__TO DO__
Nothing but the pictures should be dropped; repeat the rest of the data below exactly.

__ENTRIES SHOWN__
⁂

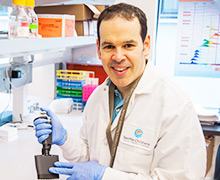 Dr. Adrian Piliponsky Dr. Adrian Piliponsky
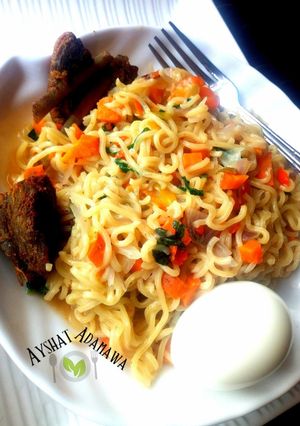 A picture of Noodles jollof.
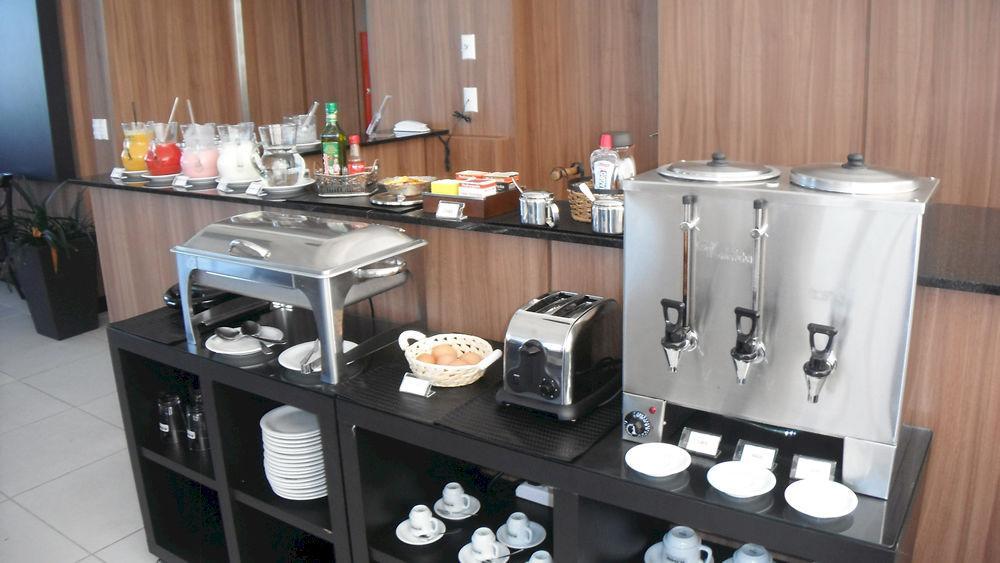 M Tower Hotel Pelotas Extérieur photo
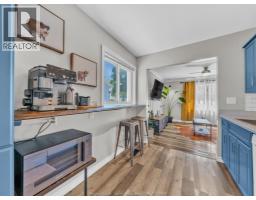 2174 FOREST AVENUE - 23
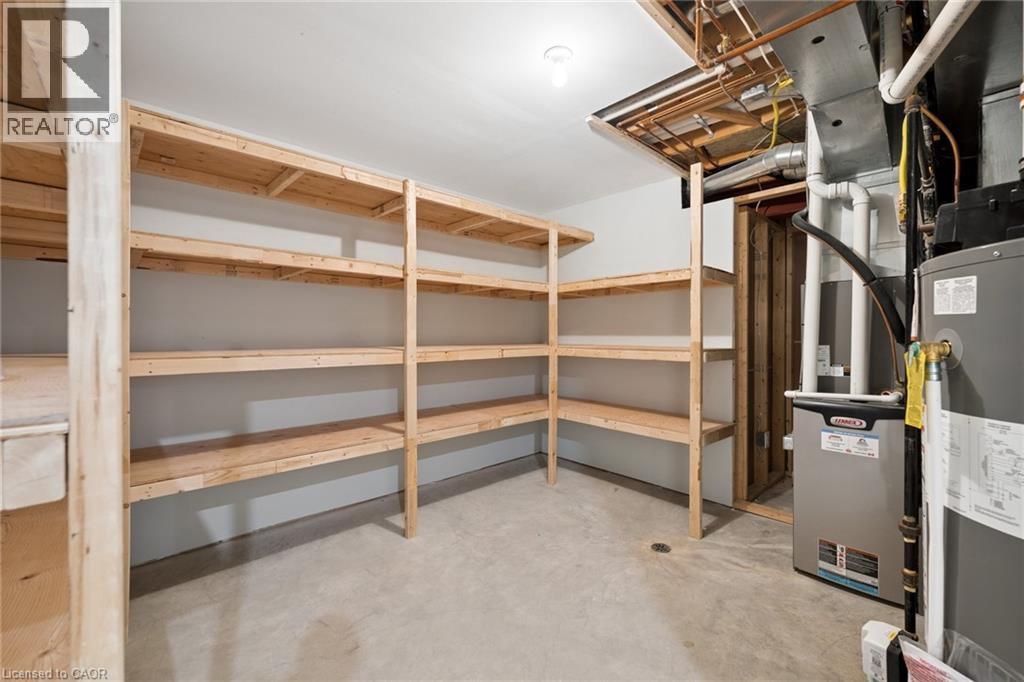 555 Sandbanks Crescent, Waterloo, Ontario  N2V 2K2 - Photo 38 - 40814136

⁂

__YOUR RESPONSE__
 Dr. Adrian Piliponsky Dr. Adrian Piliponsky
 A picture of Noodles jollof.
 M Tower Hotel Pelotas Extérieur photo
 2174 FOREST AVENUE - 23
 555 Sandbanks Crescent, Waterloo, Ontario  N2V 2K2 - Photo 38 - 40814136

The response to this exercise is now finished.